On the primary database, you can monitor for the most recent nologging operation that occurred in the database by issuing the following query:

         SELECT NAME, UNRECOVERABLE_CHANGE#,               
         TO_CHAR (UNRECOVERABLE_TIME,'DD-MON-YYYY HH:MI:SS')
         FROM V$DATAFILE;


The above primary database's query dictates when the most recent nologging operation occurred and when the invalidation redo was written to the redo.  Once Redo Apply (or Media Recovery) processes the invalidation redo, it marks all the corresponding data blocks corrupt.  You will detect encounter corrupted blocks on the physical standby database when you query any data that references these data blocks.   You will receive the following errors: 

                ORA-01578: ORACLE data block corrupted (file # 3, block # 514)
                ORA-01110: data file 3: '/oracle/oradata/PROD/users.dbf'
                ORA-26040: Data block was loaded using the NOLOGGING option


You can proactively catch some of these corrupted blocks on Redo Apply (or media recovery) instance by running DBVERIFY on the data files.

Example :
           
$ cd /oracle/oradata/PROD
$ dbv file=users01.dbf

DBVERIFY: Release 11.2.0.4.0 - Production on Tue Aug 25 16:41:53 2015

Copyright (c) 1982, 2011, Oracle and/or its affiliates.  All rights reserved.

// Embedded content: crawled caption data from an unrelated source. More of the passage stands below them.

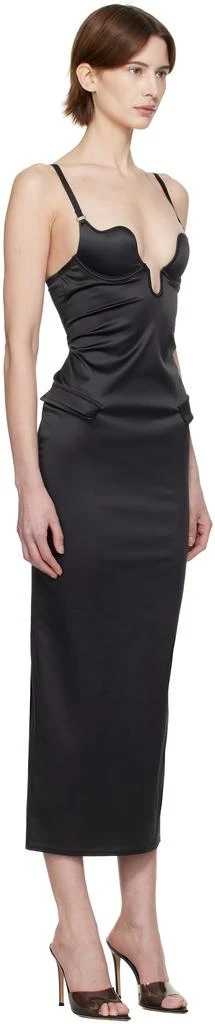 Fleur du Mal Black Seduce-U Plunge Midi Dress 2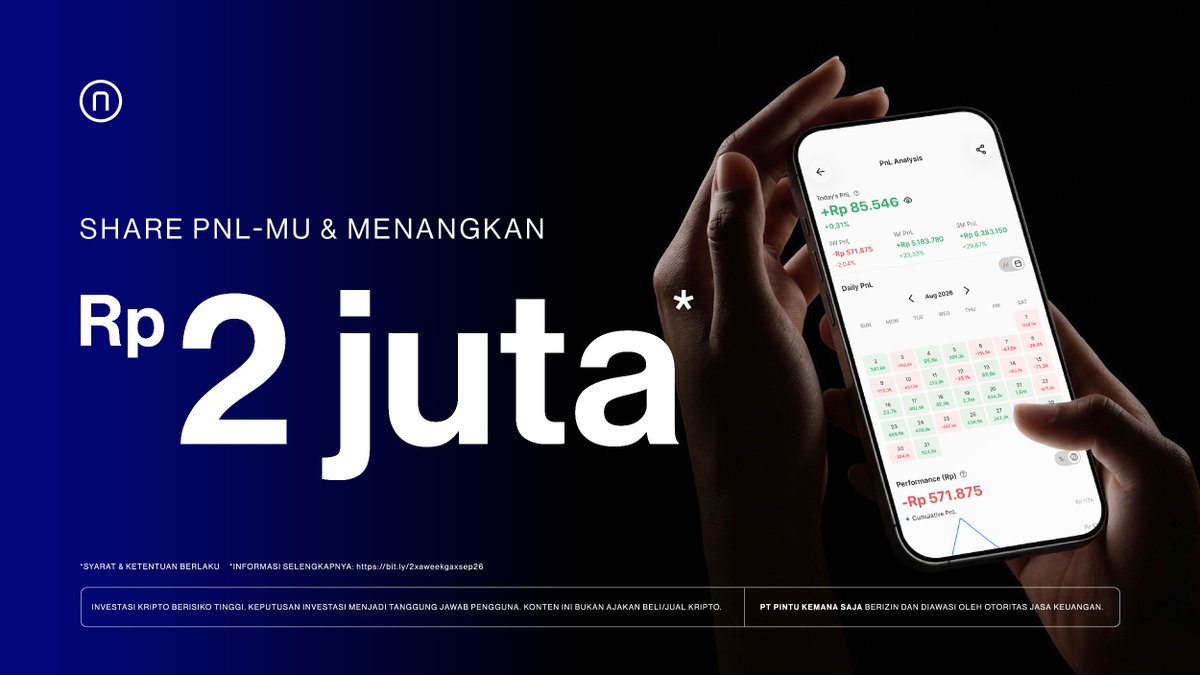 PintuID's tweet photo. Sore Teman Pintu!

Ada total hadiah Rp2.000.000 dalam bentuk NVDAX untuk 20 orang beruntung yang share kalender PnL-nya! 🎉

Cara ikutan:
1️⃣ Like, repost, dan save konten giveaway ini
2️⃣ Reply dengan screenshot kalender PnL-mu (boleh disensor angkanya kalau nggak nyaman)
3️⃣ Sertakan hashtag #AplikasiPintu pada setiap jawabanmu
4️⃣ Pastikan akun X-mu public (tidak di-private) agar reply kamu dapat kami lihat
5️⃣ Daftarkan dirimu di formulir berikut ini: https://t.co/C7e2OaaRAk

Pemenang giveaway ini dan giveaway-giveaway lain di bulan ini bakal diumumkan bareng pada 2 Oktober 2026 🚀

Informasi mekanisme dan S&K selengkapnya dapat dibaca di sini: https://t.co/GjIsr0dTsD

Semoga beruntung ya! 😉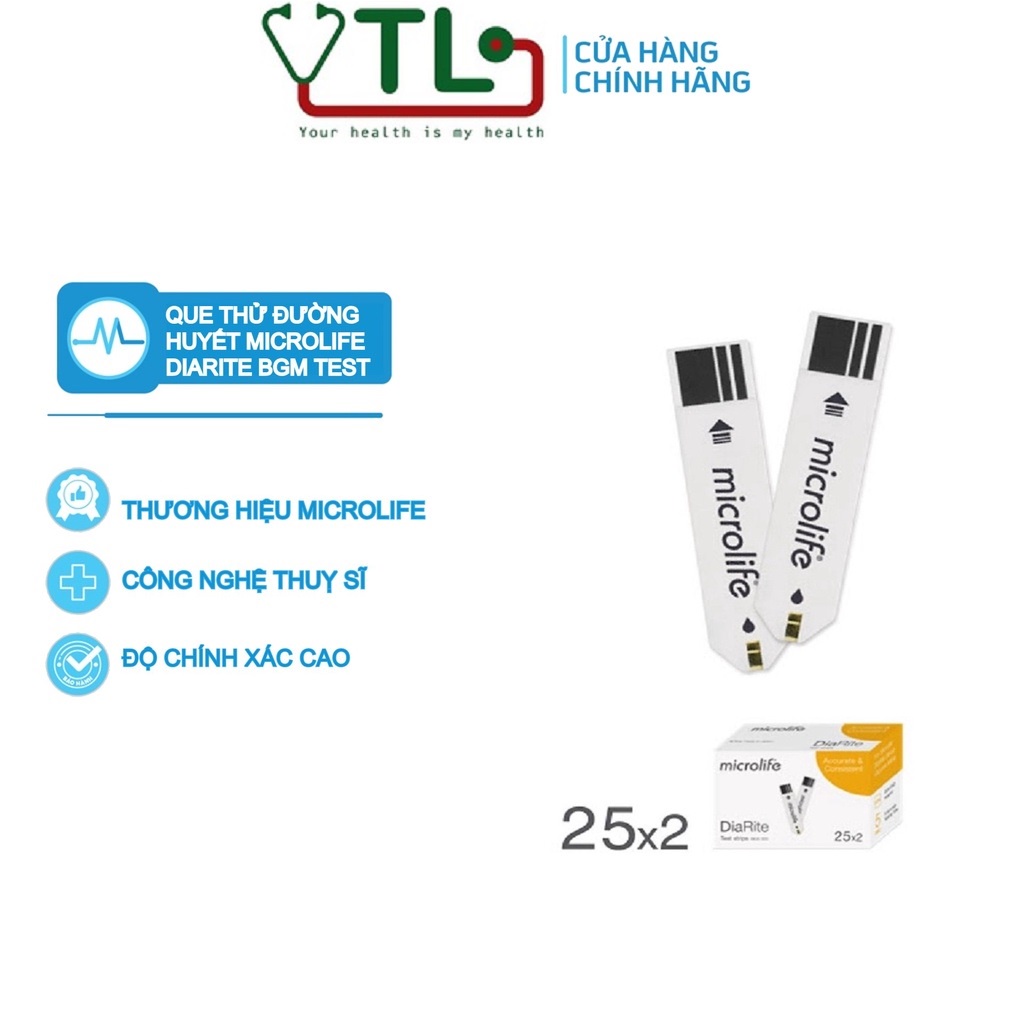 Que thử đường huyết MICROLIFE DiaRite BGM Test (50 que ) date xa - YTL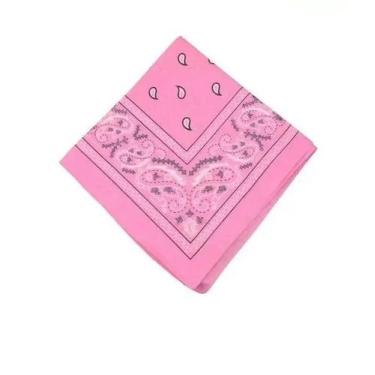 Imagem de Bandana Faixa Lenço Rosa Claro Cabelo Unissex Poliéster - Lynx produçõ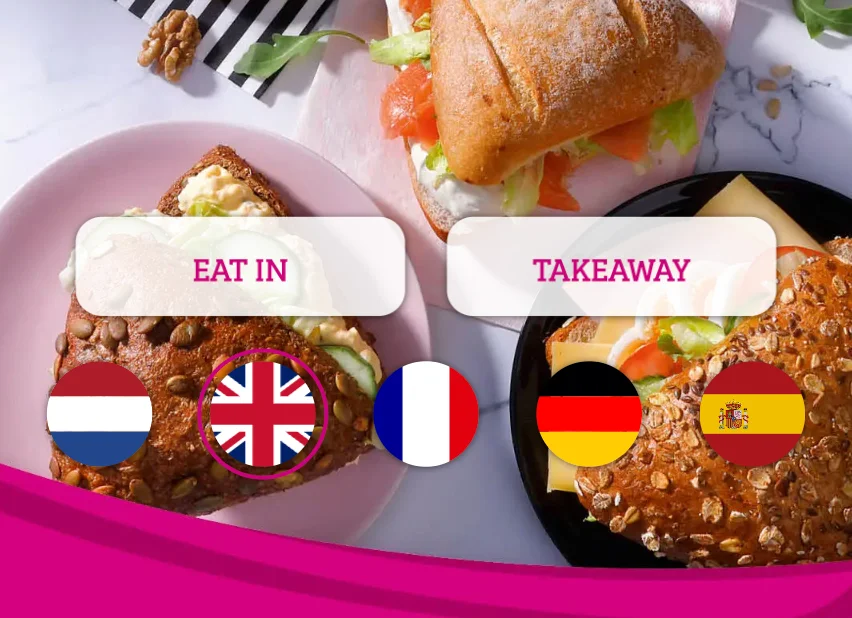 Jamezz multilingual kiosk with language selection - Ordering screen with Dutch, English, French, German, Spanish and more languages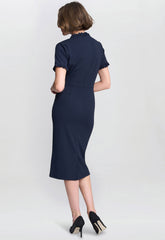 Gina Bacconi Navy Anita Structured Sheath Dress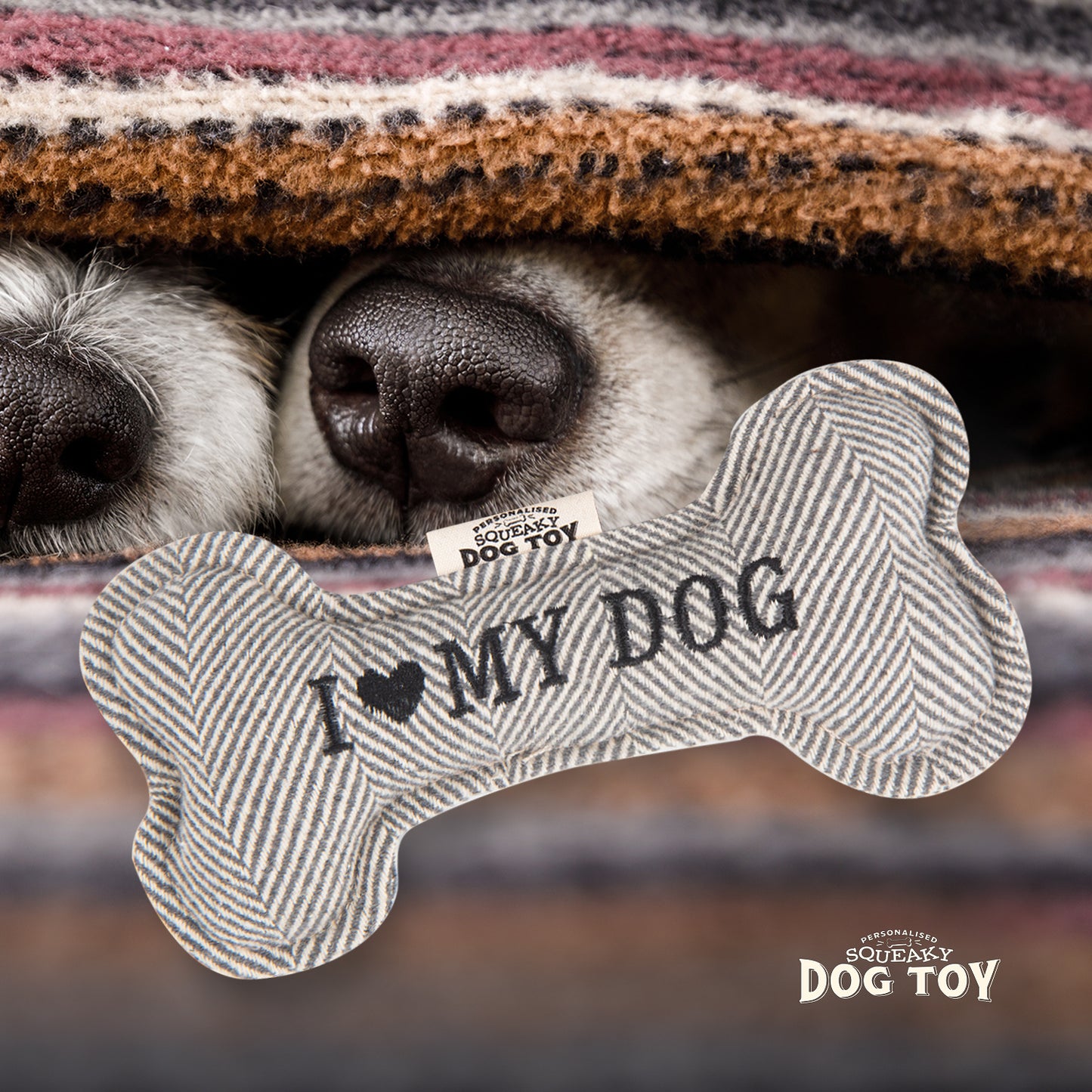 I Love (in heart icon) My Dog bone shaped Squeaky Toy in herringbone tweed fabric. Contains squeaky toy.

DBVERIFY - Verification starting : FILE = /oracle/oradata/PROD/users01.dbf

DBV-00201: Block, DBA 17162242, marked corrupt for invalid redo application
DBV-00201: Block, DBA 17162244, marked corrupt for invalid redo application
...
...
DBV-00201: Block, DBA 17162493, marked corrupt for invalid redo application


DBVERIFY - Verification complete

Total Pages Examined         : 407680
Total Pages Processed (Data) : 221830
Total Pages Failing   (Data) : 0
Total Pages Processed (Index): 1257
Total Pages Failing   (Index): 0
Total Pages Processed (Other): 175354
Total Pages Processed (Seg)  : 0
Total Pages Failing   (Seg)  : 0
Total Pages Empty            : 9239
Total Pages Marked Corrupt   : 111
Total Pages Influx           : 0
Total Pages Encrypted        : 0
Highest block SCN            : 2355429844 (29.2355429844)
 

$ SQL apply ignores the invalidation redo since it cannot convert it to any reasonable SQL; so, the logical standby will not receive any immediate errors.   If future transactions reference the missing data, then apply slave will receive an ORA-01403 in the alert.log.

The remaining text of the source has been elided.